Thus, why Kyoya is silently disappointed when Tamaki calls to tell him, "I'm sorry, Kyoya, but I'm not going to be able to do our French lesson today!"
Kyoya turns away from his desk, towards the window consuming the far wall of his office. It's overcast today, but he can still see his reflection in the glass. He fixes the crestfallen expression from his face.
"Is something wrong?" he asks.
"Mother's not feeling well today, and…Well, she swears up and down that she doesn't mind, but I don't think she likes being in the mansion with only the staff around to help her, you know? I don't think I can just leave her like this. I'm sorry."
Understanding floods over his disappointment. He doesn't think Tamaki will ever stop worrying over his mother, and he can hardly blame him, being separated from her for so long. Her health has always been a problem, and finally being home with Tamaki and his father hasn't magically fixed it. Treatment has helped her immeasurably, but there are times like this, when her symptoms flare up and confine her to bedrest for days on end. This will be far from the first time that Tamaki cancels a plan to care for her in his father's absence.
"I understand; there's no need to apologize. Tell Anne-Sophie I send my best wishes."
"Absolutely. We'll still on for next week, though, I promise! Je te verrai plus tard."
"Passe une bonne matinée."
"Passe une bonne soirée."
"'Soirée.'"
"Remember, matinées happen in the morning, soirées happen in the evening. Bye, Kyoya!"

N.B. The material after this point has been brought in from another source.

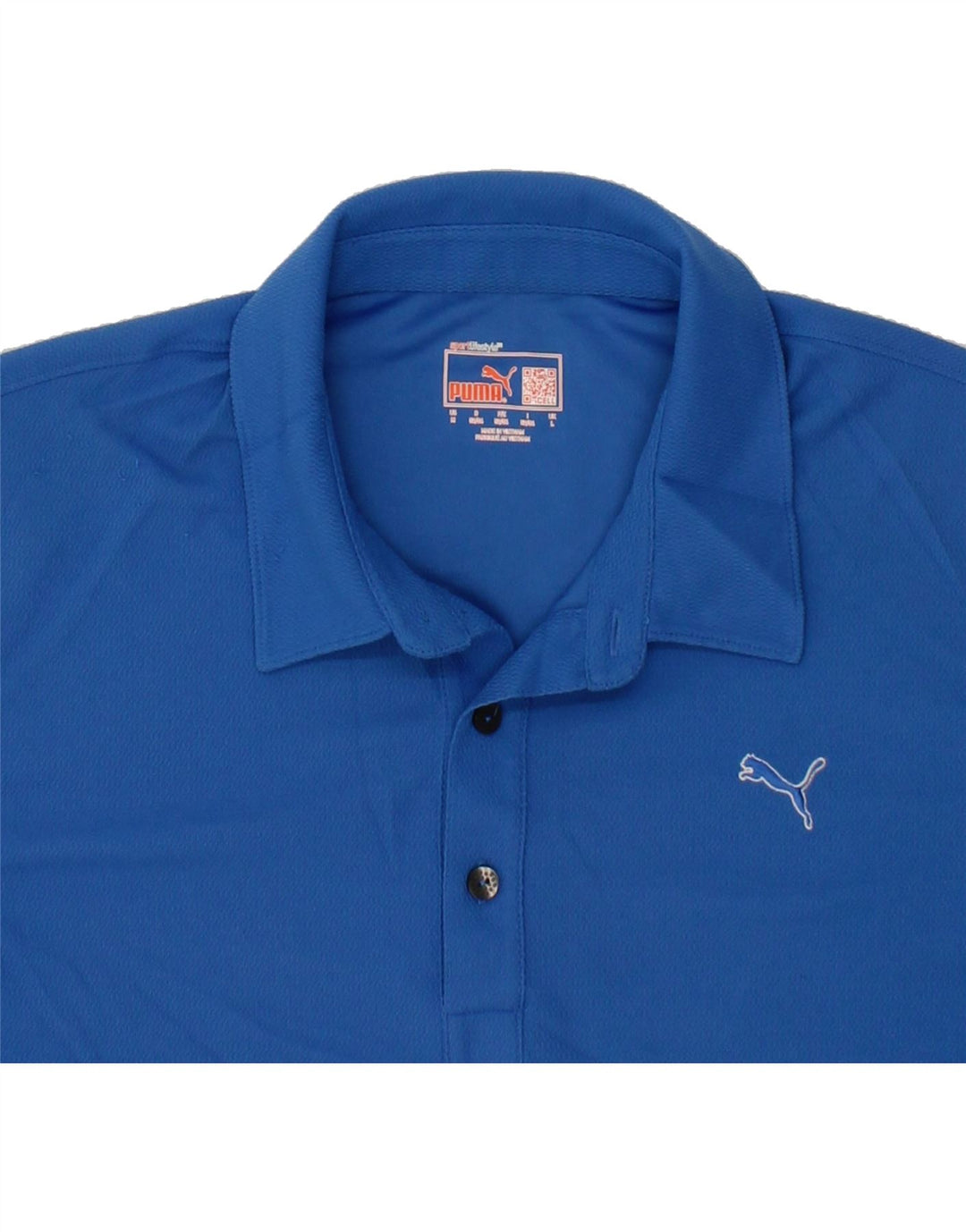PUMA Mens Polo Shirt Large Blue Polyester Vintage Puma and Second-Hand Puma from Messina Hembry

Once Tamaki hangs up, Kyoya opens his planner once more, and draws a thick line through Tamaki—French. Now he's at a crossroads. He could stay here and continue working, at the expense of annoying Yoshio. Or he could return home and see how long calligraphy will keep him still.

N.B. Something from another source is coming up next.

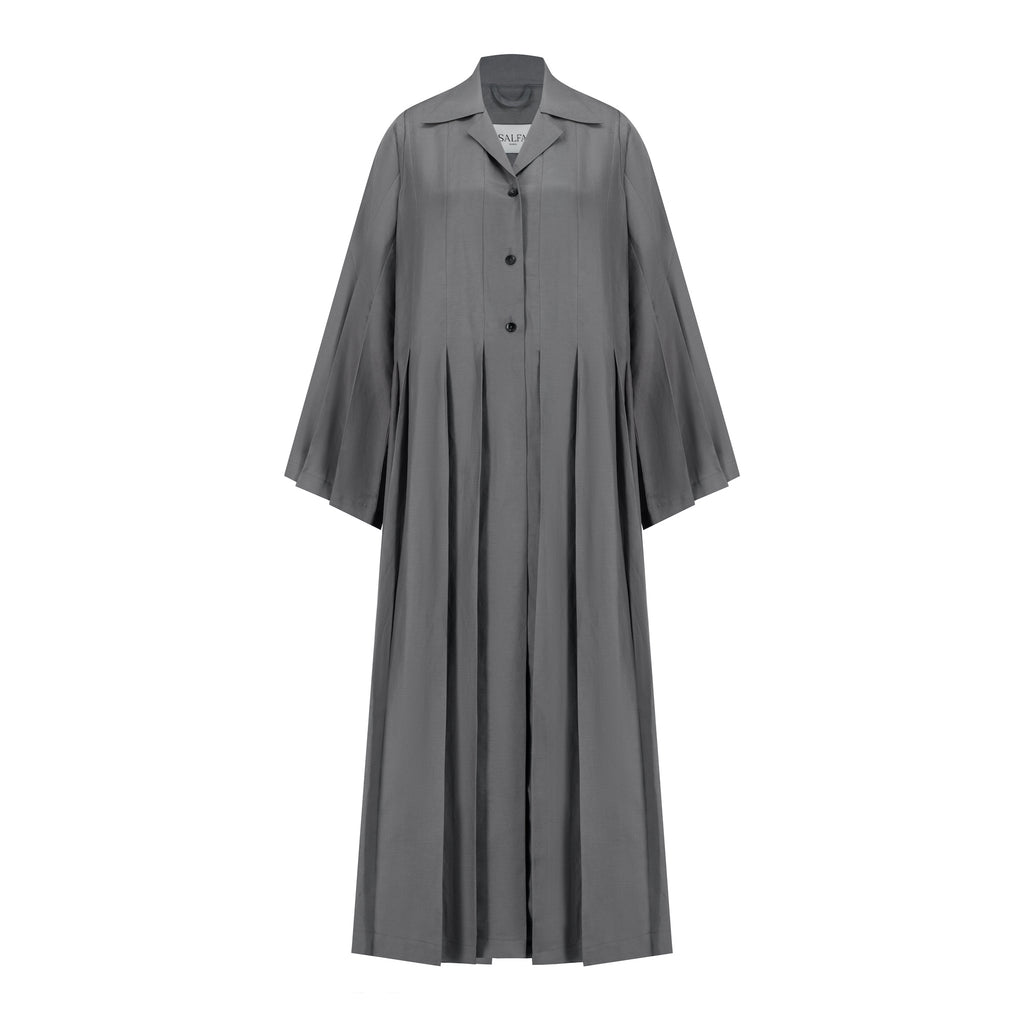 Pleated Linen Coat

His phone buzzes again. Thinking it's another unnecessary apology from Tamaki, he looks at the message, only to find something else entirely.
From: Mother
I know you'll be home soon for your lesson with Tamaki. Since you'll be home sooner, we should do something together! How does afternoon tea sound?
Kyoya's mouth goes dry. Why did he ever tell her about the sessions? Why on earth would he tell her when he is regularly scheduled to be home?
He'd been grateful not to catch a glimpse of his mother when he left this morning, because he doesn't think he'd be able to bear it today. Less than twenty-four hours until the world knows she and Yoshio are divorcing, and she just wants to drink tea and make chitchat. He can't stomach it.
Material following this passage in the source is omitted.